そして、わたしたちは、この言がイエスキリストであることを知っています。ヨハネ1章が言っているのは、そういうことですから。

すると、論理的に考えて、イエスキリストが天地万物の創造者だ、ということになります。

これは、福音書記者ヨハネだけの突飛な思想ではない。新約聖書全体と調和のとれた考え方なんですよ。

たとえば、ヘブライ人への手紙1:2「神は・・・御子によって世界を創造されました」と言われており、コロサイの信徒への手紙1:16「天にあるものも地にあるものも、見えるものも見えないものも、王座も主権も、支配も権威も、万物は御子において造られたからです。つまり、万物は御子によって、御子のために造られました」と言われています。

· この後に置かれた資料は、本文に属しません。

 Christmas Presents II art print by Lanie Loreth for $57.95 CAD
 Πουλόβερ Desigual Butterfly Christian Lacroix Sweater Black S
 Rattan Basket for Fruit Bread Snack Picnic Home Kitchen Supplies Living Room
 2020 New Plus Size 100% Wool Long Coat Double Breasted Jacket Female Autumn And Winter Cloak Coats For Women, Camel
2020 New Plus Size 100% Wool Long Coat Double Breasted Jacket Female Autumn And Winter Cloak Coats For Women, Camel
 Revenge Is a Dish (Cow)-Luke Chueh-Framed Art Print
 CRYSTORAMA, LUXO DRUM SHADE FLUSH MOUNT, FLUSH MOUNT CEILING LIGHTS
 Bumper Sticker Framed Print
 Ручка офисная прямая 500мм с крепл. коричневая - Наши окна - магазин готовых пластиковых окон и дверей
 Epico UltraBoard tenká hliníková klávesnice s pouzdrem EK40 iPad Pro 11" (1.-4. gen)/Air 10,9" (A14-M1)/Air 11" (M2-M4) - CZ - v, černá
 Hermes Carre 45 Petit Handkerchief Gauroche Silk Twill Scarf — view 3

これは、新約聖書全体の首尾一貫したメッセージなんですよ。すなわち、万物は言によって創造された。この言とはイエスキリストだ、ということです。

ところで、万物の根源である「ある」が、言によって分節化されて、世界になったんだという。

この考え方自体は、ギリシャやローマの哲学、東洋の哲学、それから現代の哲学である現象学なんかにも見られるものなんです。これについては、井筒俊彦という哲学者が書いた『意識と本質』という本の中で詳細に論じられています。

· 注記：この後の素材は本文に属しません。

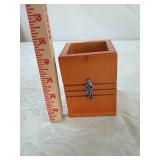 Art Deco Style Bakelite Desk Set with Metal Figures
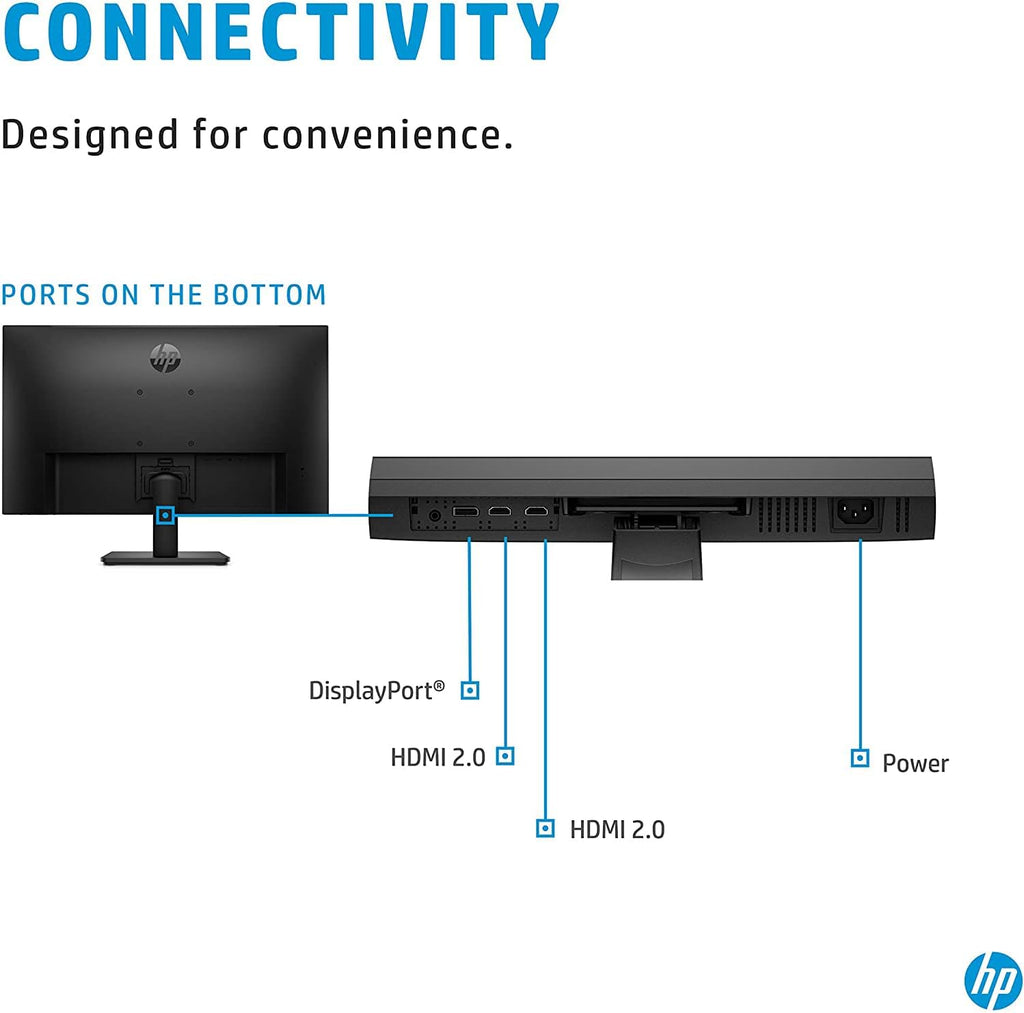 HP 28-inch 4K LED Monitor with AMD FreeSync, Dual HDMI and DisplayPort N589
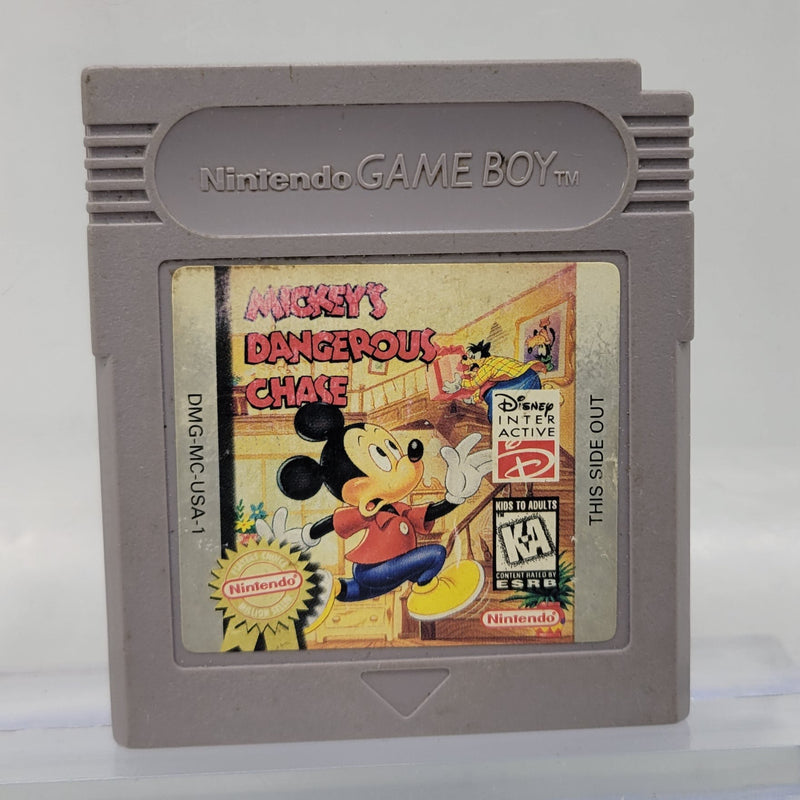 Mickey's Dangerous Chase - GameBoy  (Torn Label)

そうしますとですね、福音書記者ヨハネが行った「万物はイエスキリストによってできた」という偉大な宣言は、この世のいろんな哲学と似たり寄ったりの、同列のものに過ぎない、ということになるんだろうか?

いや、そうではない。そこには、明確な区別があるんですね。

ギリシャ・ローマの哲学や東洋の哲学においては、万物の根源である「ある」と、それを分節化する言とが、つねに同一視されてしまうんです。

つまり、混沌とした曖昧模糊な「ある」それ自体が言でもあったんだ。そうして、混沌とした曖昧模糊な「ある」が自分で自分を分節化していって世界になったんだ、自己分節化したんだ、という考え方をするんです。

自己分節化の例。たとえば中国の道教では、万物の根源である「ある」を太極と言いますけど、この太極が自分で分節化して陰と陽になり、さらに陰と陽が分節化して、世界になるわけですね。

このように、万物の根源である「ある」と、それを分節化する作用とが、同一であるというふうにみる見方を思想的には「汎神論」と呼びます。

つまり、ギリシャ・ローマの哲学や東洋の哲学、現代の哲学は、汎神論なんですよ。創造者である神と、創造された世界とは、同一なんだ。この宇宙全体が神だ。そういう考え方ですね。

しかし、福音書記者ヨハネの言葉づかいに注意してみましょう。

エン・アルケー・ホ・ロゴス・エーン。万物の根源において、言があった、と宣言しているのです。このエン「おいて」は、重要なエン「おいて」ですね。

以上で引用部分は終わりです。